Birkaç adım sonra, durağın üst yanında, iki muhiti birbirinden ayıran noktada, yolun her iki yanında polis panzerleri bekliyor. Panzerin önünde nöbet tutan bir çevik kuvvet polisi, “Berkin’e de yazık oldu, Burak Can’a da” diyor. Sol görüşlü olduğunu kaydeden genç polis, Berkin Elvan’ın kasıtlı vurulmadığını düşünüyor. “Eğer hedef gözeterek vurduysa çok yanlış yaptı. Bize böyle öğretilmedi” diyor. Polis, ‘Çeşme’nin üstü’nü gösteriyor: “Ne zaman yatışır, bilemiyoruz.”

AKP, Saadet Partisi ve MHP’nin flamalarının yerini bu kez CHP, HDP ve ÖDP’ninkiler alıyor. Ve duvarlarda bu kez Berkin Elvan’ın resimleri ve “Berkin Elvan ölümsüzdür” sloganları görülüyor. Sivas, Erzincan ve Tokatlı Alevi yurttaşların ağırlıklı yaşadığı muhitte Halk Cephesi veya çaycı Hamit Dışkaya’nın da üyesi olduğu Halkevi gibi sol gruplar da faaliyet gösteriyor. Dışkaya, bilhassa Karamanoğlu’nun ölümünden sonra ‘aşağıdakilerin’ kendi mahallelerini basacağı yönünde dedikoduların dolaştığını ve bu yüzden geceleri sokak başlarında nöbet tuttuklarını anlatıyor. Peki, ‘aşağıdakiler’ daha önce hiç baskın yapmış mı?

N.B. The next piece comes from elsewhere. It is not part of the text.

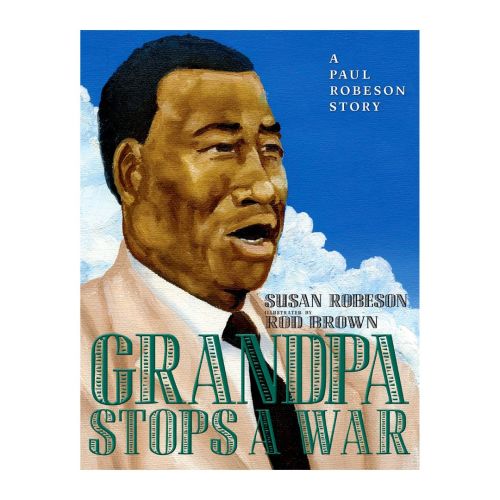 Grandpa Stops a War: A Paul Robeson Story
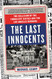 Last Innocents: The Collision of the Turbulent Sixties and the Los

“Hayır” diyor. Dışkaya, ‘aşağıdakilerin’ yakındığı, dükkâna ve araç verme iddiasının ise asılsız olduğunu iddia ediyor. “Göstersinler, kiminki yakılmış?” diye soruyor. Bir Alevi yurttaş olarak Dışkaya, polisin kendi mahallelerine önyargılı geldiğini ve yoğun şiddet kullandığını savunuyor. Feministlerin muhtar adayı olan, işçi emeklisi Songül Yarar Dede, Dışkaya’nın bu tespitine katılmakla birlikte, her iki mahallenin de birbirine karşı kışkırtılmak istendiğini belirtiyor.

Berkin Elvan’ın ölümünden sonra çok etkilendiklerini, kendisi gibi Alevi inancından mahalle sakinlerinin korkularının depreştini anlatıyor. Yoğun polis müdahalesi nedeniyle mahallenin yaşanmaz hale getirildiğini, taşınmak isteyenlerin olduğunu vurguluyor. Peki, bu mahalle bir kurtarılmış bölge mi? “Olsa, polis bu kadar kolay girebilir miydi?” diyor. Fakat Dede ekliyor: “Burası devrimci geleneği olan bir mahalle. Hepimizin ailesinde cezaevine girmiş olanlar var.”

Okmeydanı’ndan tekrar minibüs yoluna dönüldüğünde, şehrin rutin kalabalığı, tıkabasa haldeki dolmuş ve otobüsler göze çarpıyor. Kulaksız istikametine gidenler ilkin Berkin’in, sonra Burak Can’ın resimlerine bakıyor.